To overcome such challenges, the automotive industry has to make a stronger push to coordinate and collaborate efforts with respect to managing the finite resources—and it starts with current, real-time information. To have a decent inventory of product to offer to customers is a very delicate balance. By working together and applying common processes and tools with all the key stakeholders, including the folks who are moving the vehicles to the dealerships, it allows for a great opportunity for all involved to succeed.
Tooling is another major pinch point, but it is not something that can quickly be replenished in the supply chain. The skilled laborers required to operate the machinery also are in short supply, especially since many apprenticeship programs have been offshored, and those programs can’t be reconstituted fast enough. Today’s automotive manufacturing environment is highly automated and the workers needed to operate the machinery and troubleshoot and fix breakdowns must have a high level of education and training.

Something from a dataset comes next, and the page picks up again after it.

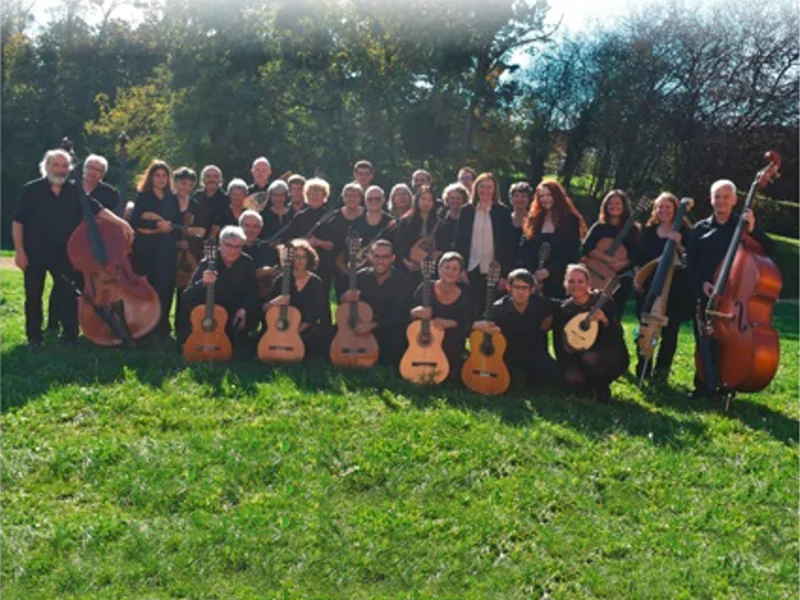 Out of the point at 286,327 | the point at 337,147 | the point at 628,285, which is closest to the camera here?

It’s evident that production output must meet a great consumer demand. Several companies are initiating strategies to keep pace with such industry challenges. Ford Motor Co. recently rolled out its One Manufacturing production system to drive improved efficiencies, increase capacity utilization and push lowest total production cost.
AIAG’s partnership with ProMexico is yet another initiative to provide quality training for automotive suppliers within Mexico. Through the program, we offered week-long training earlier this year in Mexican manufacturing hubs to improve both business processes and quality performance of lower-tier suppliers. The training also was designed to help these companies move forward on their informational and educational journey to be better prepared to produce quality products.
In addition to talent, other industry actions that the automotive supply chain must address in the short term include:
- Manufacturing Capacity—The industry needs to extract maximum value with existing capacity. Companies will have to get creative to determine ways of squeezing additional output from the factories and tooling currently in place.
- Logistics—Companies in the industry need to collaborate on logistics and create efficiency in throughput by sharing loads and bundling demand. Half-empty trucks carrying loads from only one facility or company to an end destination is inefficient. The industry should find ways of ensuring every truck to a single destination is full by making multiple pick-ups and stops along the way.
The end result
As the automotive industry continues to rebound, it is important to focus on the acceleration, redevelopment and reconstitution of lower-tier suppliers to provide them with the tools, the know-how and the know-who as cost effectively as possible. Small companies do two things: they employ most of the people; and they tend to drive innovation. Performance shortfalls will continue to occur but there is a tremendous realization that the collaborations are at an outfit premium—we either all win or we all lose. If the “big boys” don’t survive and the lower-tier suppliers don’t survive—we all have issues.